I’m virtually certain — which is something different from entirely certain, and I’ll be glad to be wrong — that the Trump administration will succeed in firing Lisa Cook from the Fed Board.
Cook might’ve committed mortgage fraud, FHFA chief Bill Pulte reckons. Or maybe not, according to documents reviewed by Reuters. And even if she did make incorrect statements about her intentions to reside at a second property, Scott Bessent might’ve too, according to Bloomberg. Maybe Pulte’s relatives made improper claims, another report suggested.
And guess what? An estimated 22,300 Americans were administratively derelict in their mortgage pledges from 2005 to 2017, Fed research shows. That sure is a lot of “fraud.” Mortgage criminals, like aliens, walk among us. You can barely turn around without stepping on the toes of a white collar crook.
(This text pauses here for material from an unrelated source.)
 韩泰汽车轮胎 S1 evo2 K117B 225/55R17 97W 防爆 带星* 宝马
Unfortunately, all the Whataboutism in the world won’t likely save Cook in the eyes of John Roberts, who the Trump administration called upon Thursday to stay the D.C. Circuit Court injunction which allowed Cook to vote on monetary policy this week. Nor will Roberts likely take account of the administration’s rather transparent motives when deciding whether to let Cook’s firing stand.
In the emergency request to the Court (embedded in full below), John Sauer argues that Trump didn’t deny Cook due process (a key point of contention) and is likely to prevail on the merits because mortgage fraud (proven or not) surely counts as “cause” to remove a Fed governor.
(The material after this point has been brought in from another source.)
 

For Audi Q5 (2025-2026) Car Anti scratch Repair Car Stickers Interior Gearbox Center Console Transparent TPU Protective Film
“The lower courts’ due-process theory would invite judicial micromanagement of the President’s exercise of his core Article II powers — even where, as here, courts have no authority to review the substance of the President’s ultimate decision,” Sauer declared. “Regardless, due process is a flexible concept,” he went on, noting that Trump “notified Cook of the charges against her and waited five days for her to respond before removing her.”
Sauer was very adamant about Cook having failed to “dispute any material fact” or “offer any plausible justification for her conduct.” With the caveat that I’m no attorney, one potential problem is that if you’re not formally charged with a crime, it isn’t necessarily obvious that you’re compelled to “respond.”
Sauer went on to contend that it’s precisely because the Fed “plays a uniquely important role in the American economy” that Cook’s position is untenable. “Put simply, the President may reasonably determine that interest rates paid by the American people should not be set by a Governor who appears to have lied about facts material to the interest rates she secured for herself — and refuses to explain the apparent misrepresentations,” he insisted.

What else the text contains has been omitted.